- _About this task_
Leaving out every line that comes before the one containing "this 1270×952 image.", output the rest of the records exactly, the final line included.
### Data provided ###
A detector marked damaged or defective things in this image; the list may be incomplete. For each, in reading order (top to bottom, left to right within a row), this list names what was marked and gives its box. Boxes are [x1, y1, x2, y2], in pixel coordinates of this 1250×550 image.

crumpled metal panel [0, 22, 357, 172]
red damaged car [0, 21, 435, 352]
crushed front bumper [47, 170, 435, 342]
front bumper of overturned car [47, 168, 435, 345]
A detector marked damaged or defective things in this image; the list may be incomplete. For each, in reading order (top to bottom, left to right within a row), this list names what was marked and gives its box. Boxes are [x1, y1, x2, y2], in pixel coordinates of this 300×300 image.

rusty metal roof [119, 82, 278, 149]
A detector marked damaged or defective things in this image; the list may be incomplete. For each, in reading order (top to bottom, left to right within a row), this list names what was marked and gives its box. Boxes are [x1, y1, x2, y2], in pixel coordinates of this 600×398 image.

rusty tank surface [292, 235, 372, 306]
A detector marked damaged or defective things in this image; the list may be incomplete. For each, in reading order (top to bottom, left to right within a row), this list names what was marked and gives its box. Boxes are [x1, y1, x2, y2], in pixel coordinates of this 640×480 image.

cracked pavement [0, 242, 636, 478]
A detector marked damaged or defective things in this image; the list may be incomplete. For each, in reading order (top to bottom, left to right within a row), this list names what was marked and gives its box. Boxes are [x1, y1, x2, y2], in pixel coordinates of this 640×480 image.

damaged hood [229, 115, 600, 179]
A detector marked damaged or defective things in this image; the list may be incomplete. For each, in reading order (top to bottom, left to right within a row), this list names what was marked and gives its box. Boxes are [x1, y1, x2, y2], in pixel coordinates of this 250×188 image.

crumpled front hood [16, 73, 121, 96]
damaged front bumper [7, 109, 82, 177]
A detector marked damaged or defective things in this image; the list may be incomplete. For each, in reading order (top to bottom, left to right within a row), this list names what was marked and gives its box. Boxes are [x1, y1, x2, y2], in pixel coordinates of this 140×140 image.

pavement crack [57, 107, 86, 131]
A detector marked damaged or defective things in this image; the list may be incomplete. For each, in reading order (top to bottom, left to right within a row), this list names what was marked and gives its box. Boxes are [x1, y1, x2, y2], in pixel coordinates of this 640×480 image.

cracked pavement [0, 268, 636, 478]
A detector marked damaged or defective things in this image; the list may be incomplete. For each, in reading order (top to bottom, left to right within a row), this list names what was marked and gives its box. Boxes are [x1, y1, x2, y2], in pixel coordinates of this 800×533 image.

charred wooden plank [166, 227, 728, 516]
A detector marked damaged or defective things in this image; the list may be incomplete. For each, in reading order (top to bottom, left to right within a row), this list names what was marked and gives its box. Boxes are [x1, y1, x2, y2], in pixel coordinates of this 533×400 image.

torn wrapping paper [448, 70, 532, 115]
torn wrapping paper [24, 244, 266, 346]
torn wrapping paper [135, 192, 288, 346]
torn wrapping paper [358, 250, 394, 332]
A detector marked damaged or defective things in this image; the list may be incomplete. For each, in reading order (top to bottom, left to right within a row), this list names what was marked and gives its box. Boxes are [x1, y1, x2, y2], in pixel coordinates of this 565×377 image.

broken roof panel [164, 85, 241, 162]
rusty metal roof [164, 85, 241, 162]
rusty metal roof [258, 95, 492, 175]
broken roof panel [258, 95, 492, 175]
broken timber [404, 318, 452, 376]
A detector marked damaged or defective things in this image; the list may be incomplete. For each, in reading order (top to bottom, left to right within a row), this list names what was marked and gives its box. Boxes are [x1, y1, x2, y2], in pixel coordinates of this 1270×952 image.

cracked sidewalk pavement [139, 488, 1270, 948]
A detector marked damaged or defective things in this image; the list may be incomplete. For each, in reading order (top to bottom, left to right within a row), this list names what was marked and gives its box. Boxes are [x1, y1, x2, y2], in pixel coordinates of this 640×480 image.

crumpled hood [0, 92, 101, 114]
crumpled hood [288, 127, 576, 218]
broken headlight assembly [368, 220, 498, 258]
###
- _Solution_
A detector marked damaged or defective things in this image; the list may be incomplete. For each, in reading order (top to bottom, left to right within a row), this list names what was marked and gives its box. Boxes are [x1, y1, x2, y2], in pixel coordinates of this 1270×952 image.

cracked sidewalk pavement [139, 488, 1270, 948]
A detector marked damaged or defective things in this image; the list may be incomplete. For each, in reading order (top to bottom, left to right within a row), this list names what was marked and gives its box. Boxes are [x1, y1, x2, y2], in pixel coordinates of this 640×480 image.

crumpled hood [0, 92, 101, 114]
crumpled hood [288, 127, 576, 218]
broken headlight assembly [368, 220, 498, 258]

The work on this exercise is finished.